Beat Dietschy, letzter Assistent und Mitarbeiter des Philosophen Ernst Bloch, filterte dessen Werk, um auf die Spuren des Arbeitsverständnisses zu kommen. Ausgehend von Blochs „Geist der Utopie“ über „Erbschaft dieser Zeit“, „Das Prinzip Hoffnung“ bis „Tendenz – Latenz – Utopie“ führte Dietschy seine Zuhörer durch das umbaute Denken:

„Primat hat die Suche nach Selbstbegegnung, die unkonstruierbare Frage nach uns selber, die noch keinerlei zureichende Antwort enthält. Denn ,wir haben kein Organ für das Ich oder Wir, sondern liegen uns selbst im gelben Fleck, im Dunkel des gelebten Augenblicks, dessen Dunkel letzthin unser eigenes Dunkel, uns Unbekanntsein, Vermummt- oder Verschollensein ist‘ (Bloch).“

Gegen die entfremdete Arbeit setzte Ernst Bloch den Begriff der „tätigen Muße“. Sie ist die Aufhebung der Entfremdung. Wie weit aber ist die Arbeitswelt am Übergang von der industriell-materiellen Produktionswelt hin zur wissensbasiert-immateriellen, virtuellen Produktionswelt der Industrie 4.0 von der Aufhebung der Entfremdung entfernt?

In vielen individuellen und gesellschaftlichen Schichtungen unseres Bewusstseins tragen wir die Geschichte der Arbeit und ihrer Bedingungen in uns. Ein Teil von uns lagert noch in der bäuerlichen Welt „bäuerliches Tao“ (Ernst Bloch), ein anderer Teil hängt in der Zeit der beginnenden Manufakturen, ein weiterer bewegt sich unbewusst im Takt industrieller Werkhallen, während der Kopf die nahe Zukunft der Cyber Physical Systems CPS zu verstehen versucht: Arbeitswelt von morgen.

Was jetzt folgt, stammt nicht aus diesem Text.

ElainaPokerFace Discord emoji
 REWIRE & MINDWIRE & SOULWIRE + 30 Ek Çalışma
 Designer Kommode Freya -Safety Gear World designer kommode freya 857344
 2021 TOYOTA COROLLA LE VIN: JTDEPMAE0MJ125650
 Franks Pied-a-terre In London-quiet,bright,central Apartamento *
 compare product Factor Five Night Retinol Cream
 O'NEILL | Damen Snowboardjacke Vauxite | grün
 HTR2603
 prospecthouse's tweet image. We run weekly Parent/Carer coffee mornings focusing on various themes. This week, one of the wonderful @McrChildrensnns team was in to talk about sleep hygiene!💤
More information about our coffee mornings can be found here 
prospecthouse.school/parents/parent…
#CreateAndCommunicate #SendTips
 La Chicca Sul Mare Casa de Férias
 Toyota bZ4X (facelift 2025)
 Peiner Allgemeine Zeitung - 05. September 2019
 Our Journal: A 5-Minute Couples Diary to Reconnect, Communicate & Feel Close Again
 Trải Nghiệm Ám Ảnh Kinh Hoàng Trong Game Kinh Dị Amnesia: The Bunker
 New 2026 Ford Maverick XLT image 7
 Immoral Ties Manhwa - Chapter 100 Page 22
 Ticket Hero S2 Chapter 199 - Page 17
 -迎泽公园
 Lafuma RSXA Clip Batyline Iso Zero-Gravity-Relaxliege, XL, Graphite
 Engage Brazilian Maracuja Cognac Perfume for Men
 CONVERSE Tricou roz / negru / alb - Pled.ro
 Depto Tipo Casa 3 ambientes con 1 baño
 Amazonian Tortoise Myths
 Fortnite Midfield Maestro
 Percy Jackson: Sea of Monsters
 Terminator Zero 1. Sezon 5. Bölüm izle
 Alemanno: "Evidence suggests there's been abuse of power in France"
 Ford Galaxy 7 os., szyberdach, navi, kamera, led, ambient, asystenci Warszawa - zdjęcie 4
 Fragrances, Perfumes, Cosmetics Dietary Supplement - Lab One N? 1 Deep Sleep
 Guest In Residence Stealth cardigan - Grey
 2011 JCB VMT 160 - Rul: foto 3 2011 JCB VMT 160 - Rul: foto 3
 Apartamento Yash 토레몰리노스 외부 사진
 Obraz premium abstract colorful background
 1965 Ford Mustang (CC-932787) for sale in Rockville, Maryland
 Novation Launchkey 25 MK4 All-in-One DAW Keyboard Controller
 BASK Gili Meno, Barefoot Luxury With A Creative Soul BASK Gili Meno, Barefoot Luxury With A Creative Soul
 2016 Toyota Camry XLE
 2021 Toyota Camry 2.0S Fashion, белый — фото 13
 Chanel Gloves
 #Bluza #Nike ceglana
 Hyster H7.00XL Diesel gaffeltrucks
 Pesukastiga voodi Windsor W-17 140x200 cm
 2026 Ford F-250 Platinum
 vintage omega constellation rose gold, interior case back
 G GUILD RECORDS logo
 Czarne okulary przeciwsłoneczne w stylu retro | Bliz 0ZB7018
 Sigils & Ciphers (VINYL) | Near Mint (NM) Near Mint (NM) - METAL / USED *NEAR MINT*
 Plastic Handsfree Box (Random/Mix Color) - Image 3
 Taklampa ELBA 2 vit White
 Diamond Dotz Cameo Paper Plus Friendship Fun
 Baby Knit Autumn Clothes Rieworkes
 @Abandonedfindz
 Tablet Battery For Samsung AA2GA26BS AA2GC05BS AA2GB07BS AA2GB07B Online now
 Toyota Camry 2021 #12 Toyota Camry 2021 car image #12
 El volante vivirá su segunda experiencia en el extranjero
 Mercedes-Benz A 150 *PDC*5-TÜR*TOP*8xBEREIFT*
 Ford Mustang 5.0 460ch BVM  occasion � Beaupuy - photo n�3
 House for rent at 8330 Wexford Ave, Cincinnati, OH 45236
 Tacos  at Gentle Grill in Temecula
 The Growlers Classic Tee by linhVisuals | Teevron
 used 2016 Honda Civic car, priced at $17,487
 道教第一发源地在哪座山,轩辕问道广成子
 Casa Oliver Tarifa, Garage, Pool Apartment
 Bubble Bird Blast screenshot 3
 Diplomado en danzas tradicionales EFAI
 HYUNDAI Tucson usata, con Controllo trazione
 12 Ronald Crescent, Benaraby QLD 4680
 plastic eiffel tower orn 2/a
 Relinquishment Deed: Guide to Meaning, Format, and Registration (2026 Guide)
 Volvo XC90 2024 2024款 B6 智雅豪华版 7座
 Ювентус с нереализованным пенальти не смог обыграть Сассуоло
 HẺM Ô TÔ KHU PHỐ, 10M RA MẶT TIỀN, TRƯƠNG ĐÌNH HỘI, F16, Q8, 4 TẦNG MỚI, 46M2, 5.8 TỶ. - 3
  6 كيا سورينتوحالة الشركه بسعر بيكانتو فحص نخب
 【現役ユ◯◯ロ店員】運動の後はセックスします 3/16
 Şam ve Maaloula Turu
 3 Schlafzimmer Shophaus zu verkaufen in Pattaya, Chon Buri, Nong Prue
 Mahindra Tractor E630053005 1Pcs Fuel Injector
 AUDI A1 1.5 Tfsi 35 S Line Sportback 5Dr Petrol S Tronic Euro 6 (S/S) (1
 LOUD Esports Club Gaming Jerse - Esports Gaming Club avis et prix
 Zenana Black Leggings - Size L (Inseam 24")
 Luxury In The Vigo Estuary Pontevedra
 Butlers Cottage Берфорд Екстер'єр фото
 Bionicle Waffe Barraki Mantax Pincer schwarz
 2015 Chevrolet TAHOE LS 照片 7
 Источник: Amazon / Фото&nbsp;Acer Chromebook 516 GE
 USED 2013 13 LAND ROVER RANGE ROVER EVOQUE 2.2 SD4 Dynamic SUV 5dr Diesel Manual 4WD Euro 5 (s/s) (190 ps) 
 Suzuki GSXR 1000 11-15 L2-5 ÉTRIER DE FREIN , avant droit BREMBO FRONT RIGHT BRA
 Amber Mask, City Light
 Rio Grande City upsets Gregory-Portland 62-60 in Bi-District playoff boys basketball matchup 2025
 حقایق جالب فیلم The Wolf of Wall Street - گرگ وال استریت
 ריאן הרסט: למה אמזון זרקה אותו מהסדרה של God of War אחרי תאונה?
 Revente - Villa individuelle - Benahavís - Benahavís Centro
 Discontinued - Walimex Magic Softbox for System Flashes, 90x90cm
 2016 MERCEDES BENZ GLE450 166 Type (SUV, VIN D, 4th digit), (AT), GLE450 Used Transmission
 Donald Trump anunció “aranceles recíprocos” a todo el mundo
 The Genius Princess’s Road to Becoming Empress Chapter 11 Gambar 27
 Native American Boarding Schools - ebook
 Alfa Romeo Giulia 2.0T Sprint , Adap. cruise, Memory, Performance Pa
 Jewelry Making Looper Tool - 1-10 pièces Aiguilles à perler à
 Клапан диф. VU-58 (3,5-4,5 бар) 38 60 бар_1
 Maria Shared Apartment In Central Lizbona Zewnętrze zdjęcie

Die Schichtungen liegen wie schwere, dicke Teppiche als Schätze der Erfahrungen in uns übereinander gestapelt. Je nach Erschütterung, Krise oder manifester Enttäuschung brechen die Bewusstseinsschichten aus den Teppichen aus. Nicht selten drängen sie den Menschen in seiner Orientierung nach rückwärts. In scheinbar Bekanntes, scheinbar Erlebtes.

„Wer ist schon im gerade gelebten Augenblick wirklich anwesend, gegenwärtig?“, fragt Beat Dietschy, sich auf Bloch beziehend. Des Philosophen Hinweis auf „das Dunkel des gelebten Augenblicks“ provoziert unseren Erkenntniswunsch im Jetzt. Ich und die Welt? Wer ist das neue „Wir“?

Das gemeinsame Denk-Experiment von Bad Boll brachte die Lust am utopischen Denken zurück.